The leftist government of Ecuador, under pressure from the Obama administration for considering a request for sanctuary from the American intelligence leaker Edward Snowden, announced Thursday that it will back out of a preferential trade pact with the United States that top Ecuadoran officials say is being used to blackmail their country.
Jose Jacome/EPA - Ecuadorean President Rafael Correa smiles at the crowd during a military act at the Presidential Palace in Quito, Ecuador, June 24, 2013.
The move, which President Rafael Correa’s government described as unilateral, came a day after the chairman of the Senate Foreign Relations Committee pledged to do all he could to block trade benefits for Ecuador should it grant Snowden political asylum.
“Our government will not reward countries for bad behavior,” Sen. Robert Menendez (D-N.J.) said in a statement Wednesday. “Trade preferences are a privilege granted to nations, not a right.”
Snowden, the former National Security Agency contractor who is presumed to be in Moscow, has asked for asylum in Ecuador. While the government has made no decision in response to the request, Foreign Minister Ricardo Patiño voiced sympathy for the 30-year-old fugitive in lengthy comments Monday.
At a news conference Thursday, Minister of Communications Fernando Alvarado pushed back at perceived efforts to influence Ecuador’s decision. It “doesn’t accept pressure or threats from anybody, and it doesn’t trade its principles or give them up for commercial interests, no matter how important,” the Quito-based newspaper El Comercio quoted him as saying.
Alvarado said his country “unilaterally and irrevocably renounces those trade preferences” and defiantly quipped that Ecuador would provide $23 million to the Obama administration for human rights training.
Later in the day, Correa said that Snowden would have to make it to Ecuador or get inside one of its embassies to have his bid for asylum processed. Snowden “is not in Ecuadorian territory so, technically, we cannot process his request,” the president said.

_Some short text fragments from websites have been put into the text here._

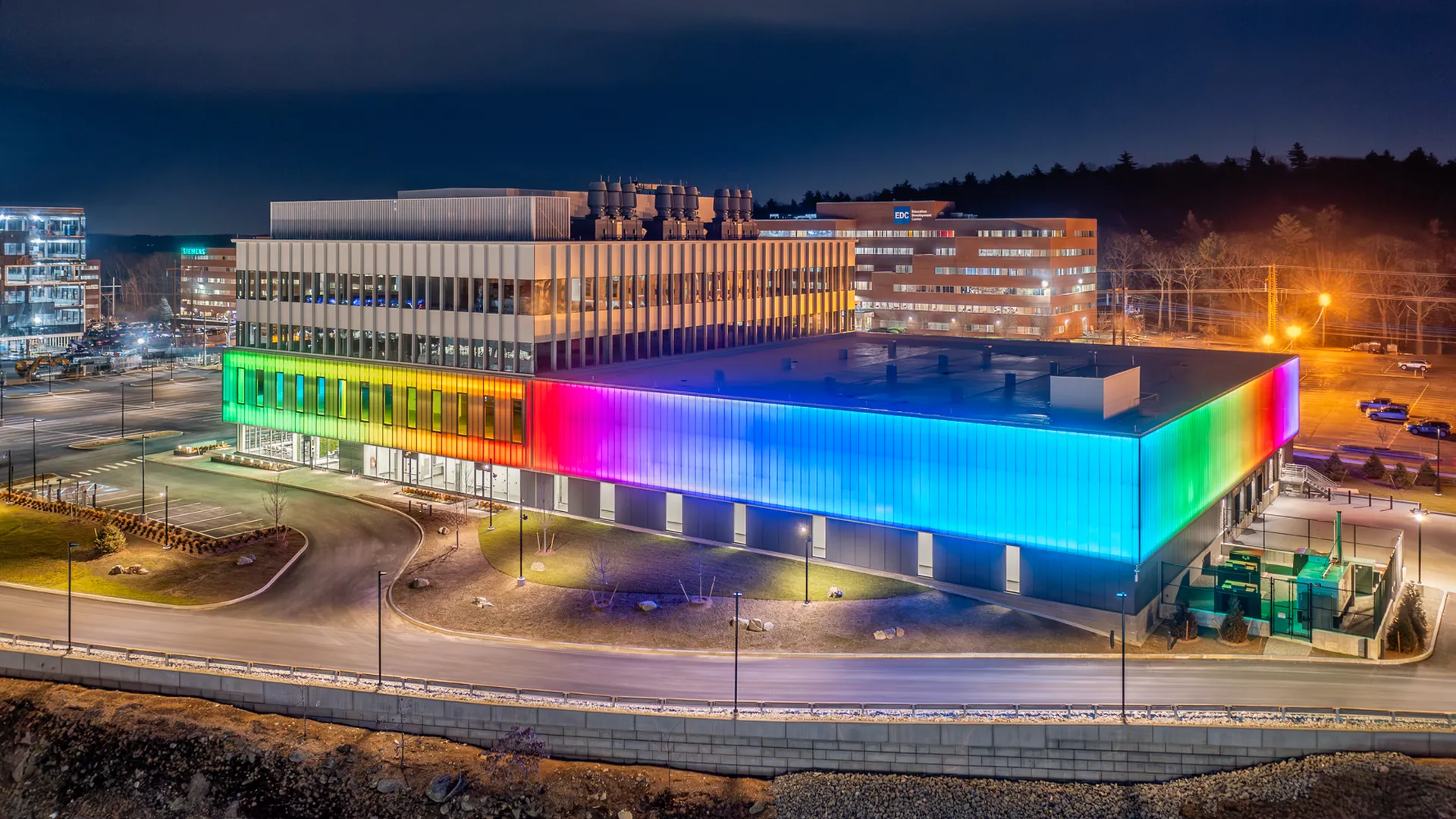 PentaClad™ polycarbonate cladding system and UniQuad translucent wall systemused on a lab and office facility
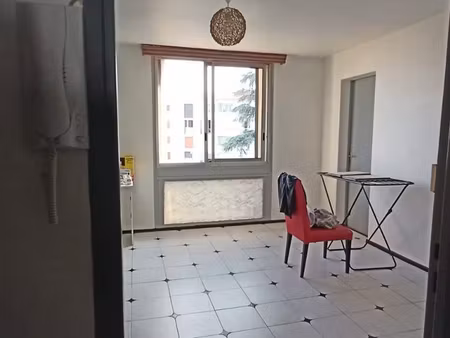 à louer – appartement f3/f4 traversant – moulin à vent  perpignan
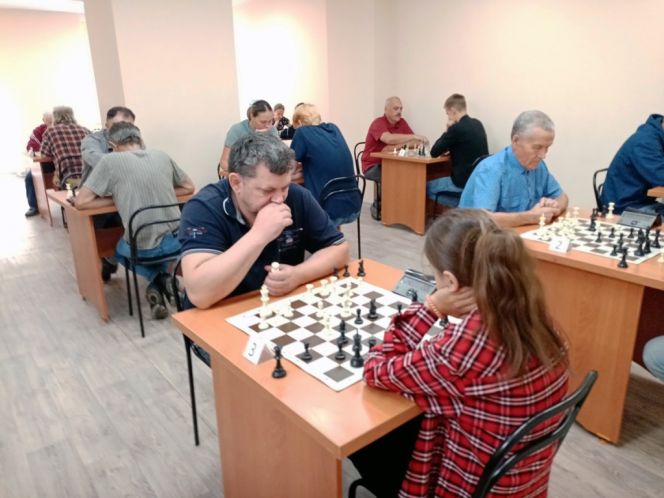 Символическая цифра. Четвёртый этап Кубка КШК по блицу и рапиду собрал в Бийске 64 участника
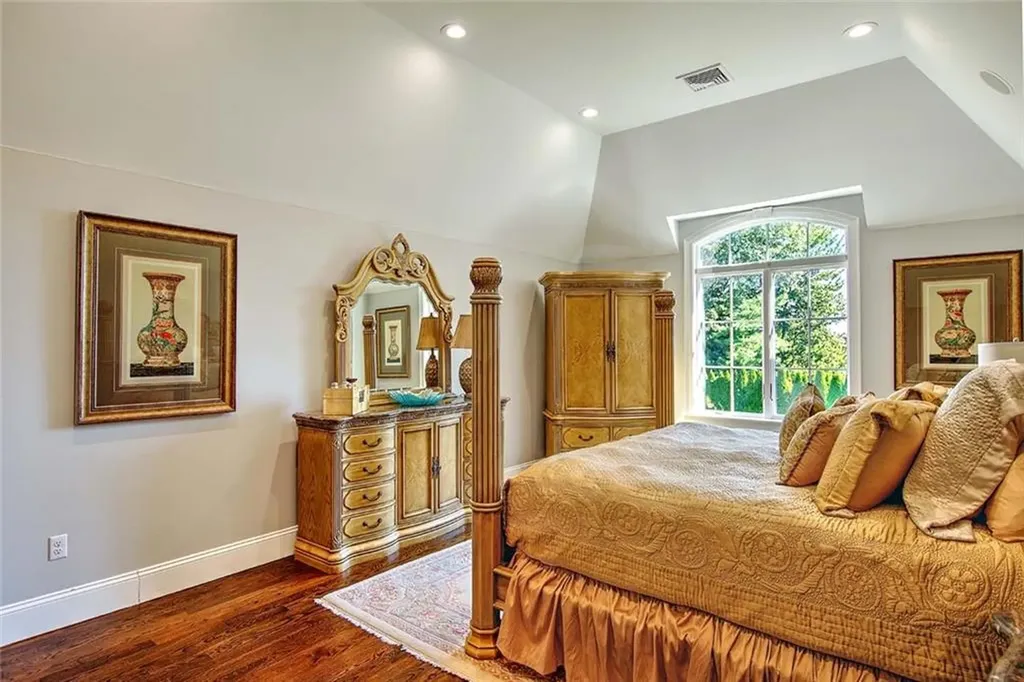 4 Pine Tree Lane Lincoln RI 02865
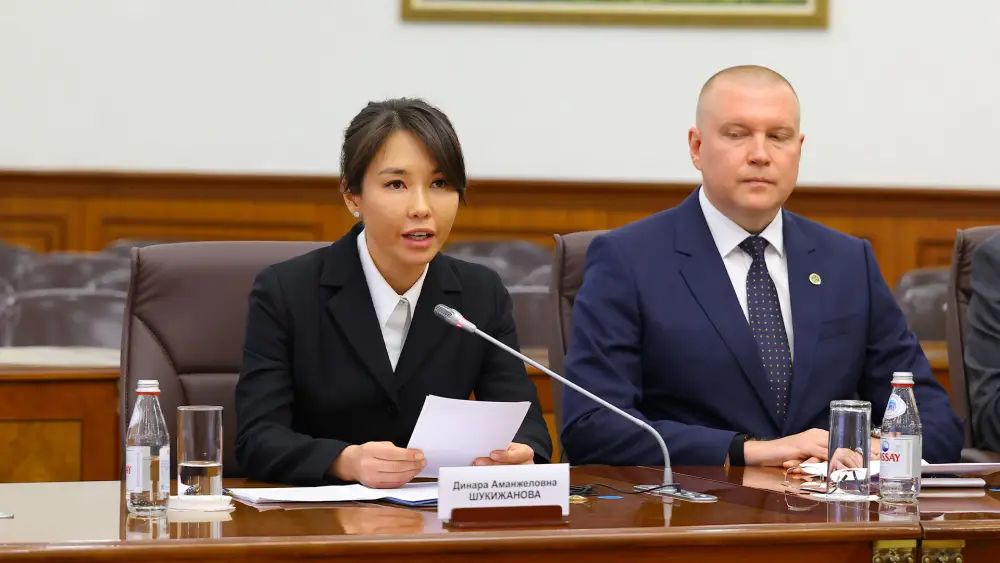 Олжас Бектенов провел встречу с мировыми производителями сельхозтехники: подписаны новые соглашения о локализации производств в Казахстане (3)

The Andean Trade Promotion and Drug Eradication Act has allowed Ecuadoran exporters of flowers, tuna, artichokes and many other products to ship tariff-free to the United States.

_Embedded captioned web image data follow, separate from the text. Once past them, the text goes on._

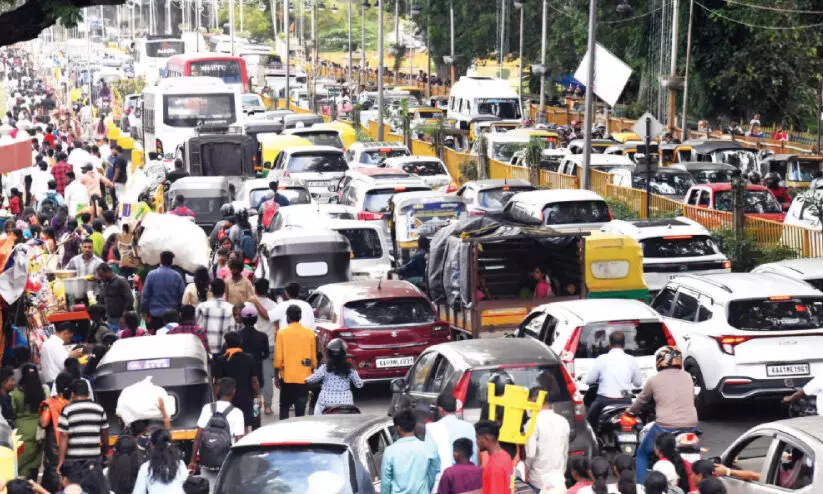 മൈ​സൂ​രു ദ​സ​റ​ക്ക് നാ​ളെ സ​മാ​പ​നം; തി​ര​ക്കി​ൽ ഞെ​രു​ങ്ങി, ഒ​രു​ങ്ങി ന​ഗ​രം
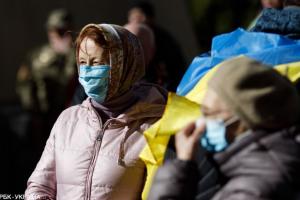 Больным коронавирусом в Украине разрешили ходить в магазины и аптеки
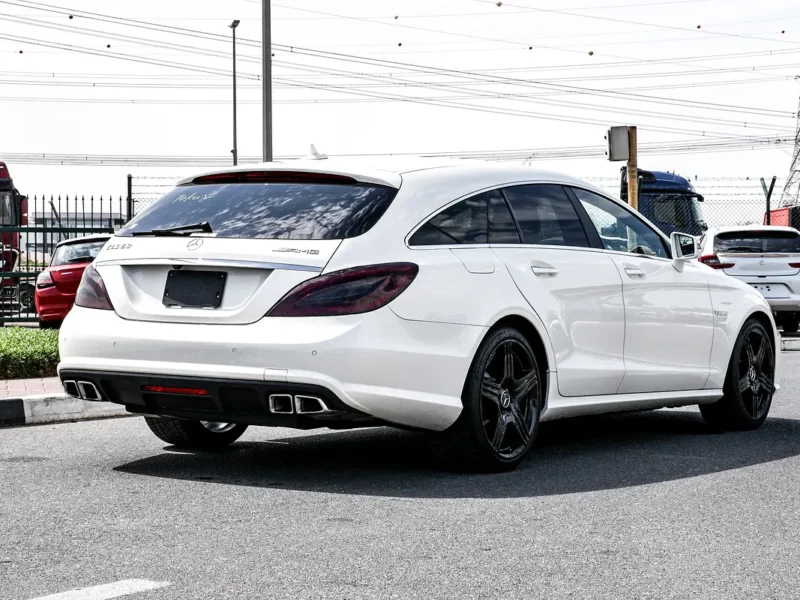 2013 Mercedes-Benz CLS 63 AMG 5.5 Litres Biturbo V8 Engine White Black Wagon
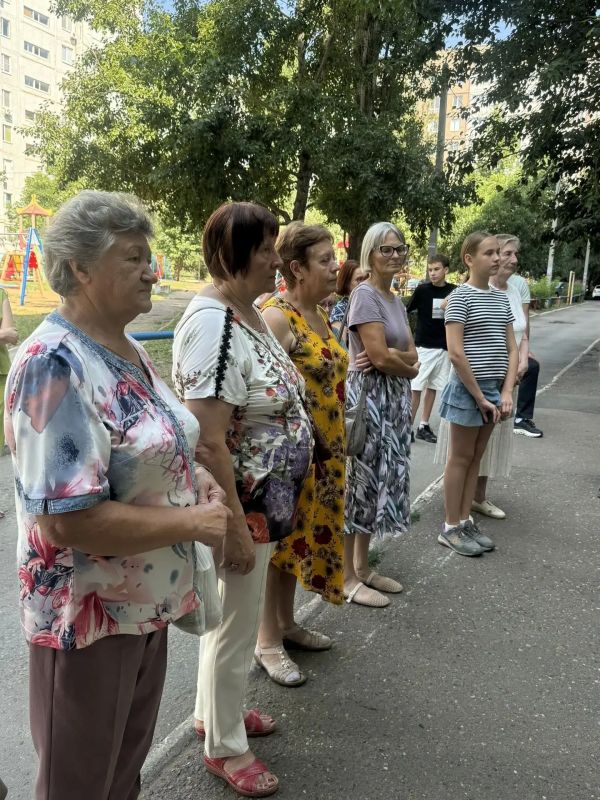 Чтобы помнили: в Оренбурге открыли памятный знак Почетному гражданину города Александру Ивановичу Осначу Чтобы помнили: в Оренбурге открыли памятный знак Почетному гражданину города Александру Ивановичу Осначу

“The preferences were authorized for Andean countries as compensation for the fight against drugs but soon became a new instrument of pressure,” Alvarado said.
The pact was designed to help generate jobs in countries involved in the drug trade; although Ecuador does not produce cocaine, it is an important drug conduit and is vulnerable to organized crime groups because of its weak institutions, according to State Department counternarcotics officials.
Within Congress, the decision to pull out of the pact may have been eased by long-standing opposition to it, which had been growing even before Snowden’s asylum request. Lawmakers have been sharply critical of Correa for his country’s ties to Iran and for having given sanctuary to WikiLeaks founder Julian Assange in Ecuador’s London embassy.